→ **EXERCISE INPUT**
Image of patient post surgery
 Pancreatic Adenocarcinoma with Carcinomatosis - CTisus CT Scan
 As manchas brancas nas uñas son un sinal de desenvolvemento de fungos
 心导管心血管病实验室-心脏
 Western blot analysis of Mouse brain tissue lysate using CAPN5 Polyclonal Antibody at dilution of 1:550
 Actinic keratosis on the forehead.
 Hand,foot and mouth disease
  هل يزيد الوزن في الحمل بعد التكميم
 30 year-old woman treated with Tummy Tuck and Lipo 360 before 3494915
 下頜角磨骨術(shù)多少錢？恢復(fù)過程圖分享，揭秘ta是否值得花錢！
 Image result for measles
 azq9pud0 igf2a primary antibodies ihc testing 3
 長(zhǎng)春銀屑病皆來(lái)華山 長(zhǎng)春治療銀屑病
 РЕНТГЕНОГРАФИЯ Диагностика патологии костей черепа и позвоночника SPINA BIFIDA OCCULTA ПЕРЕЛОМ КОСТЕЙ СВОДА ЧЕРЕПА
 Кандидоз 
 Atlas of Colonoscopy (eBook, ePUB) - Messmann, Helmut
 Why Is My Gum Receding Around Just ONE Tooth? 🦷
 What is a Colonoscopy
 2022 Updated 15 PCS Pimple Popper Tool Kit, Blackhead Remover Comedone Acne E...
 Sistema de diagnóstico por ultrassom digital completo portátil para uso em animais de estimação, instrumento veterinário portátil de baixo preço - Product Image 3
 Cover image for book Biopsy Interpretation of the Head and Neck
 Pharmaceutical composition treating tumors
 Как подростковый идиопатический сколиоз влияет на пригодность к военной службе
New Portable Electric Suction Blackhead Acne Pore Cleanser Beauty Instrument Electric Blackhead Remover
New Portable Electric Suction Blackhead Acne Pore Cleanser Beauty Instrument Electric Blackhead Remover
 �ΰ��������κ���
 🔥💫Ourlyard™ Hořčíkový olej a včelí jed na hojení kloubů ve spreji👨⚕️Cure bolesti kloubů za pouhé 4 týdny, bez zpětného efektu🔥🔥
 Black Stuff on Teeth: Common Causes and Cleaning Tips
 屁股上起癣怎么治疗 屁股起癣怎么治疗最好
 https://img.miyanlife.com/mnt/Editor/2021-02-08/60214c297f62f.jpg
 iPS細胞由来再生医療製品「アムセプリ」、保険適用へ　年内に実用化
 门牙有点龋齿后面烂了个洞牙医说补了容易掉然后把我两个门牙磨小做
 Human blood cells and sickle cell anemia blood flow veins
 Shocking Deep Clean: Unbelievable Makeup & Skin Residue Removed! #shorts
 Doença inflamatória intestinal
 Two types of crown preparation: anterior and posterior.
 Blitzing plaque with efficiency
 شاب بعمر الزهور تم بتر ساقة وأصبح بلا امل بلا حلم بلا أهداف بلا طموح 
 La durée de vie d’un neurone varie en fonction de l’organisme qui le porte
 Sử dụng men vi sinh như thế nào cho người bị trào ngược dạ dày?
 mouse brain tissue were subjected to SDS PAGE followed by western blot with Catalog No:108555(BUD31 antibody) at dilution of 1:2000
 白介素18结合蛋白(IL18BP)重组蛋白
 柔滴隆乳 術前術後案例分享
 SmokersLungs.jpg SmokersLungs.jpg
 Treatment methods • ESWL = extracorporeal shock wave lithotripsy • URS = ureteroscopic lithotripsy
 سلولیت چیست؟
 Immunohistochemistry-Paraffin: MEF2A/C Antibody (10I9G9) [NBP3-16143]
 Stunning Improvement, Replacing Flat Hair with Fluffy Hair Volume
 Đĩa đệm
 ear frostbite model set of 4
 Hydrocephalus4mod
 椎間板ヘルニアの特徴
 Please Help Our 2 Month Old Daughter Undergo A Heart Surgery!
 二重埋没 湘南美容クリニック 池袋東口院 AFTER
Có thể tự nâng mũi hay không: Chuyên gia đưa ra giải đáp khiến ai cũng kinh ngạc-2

→ **EXERCISE**
Search the entries above for the word "brain" and count the lines that hold it. Reply with only that number.

→ **YOUR SOLUTION**
2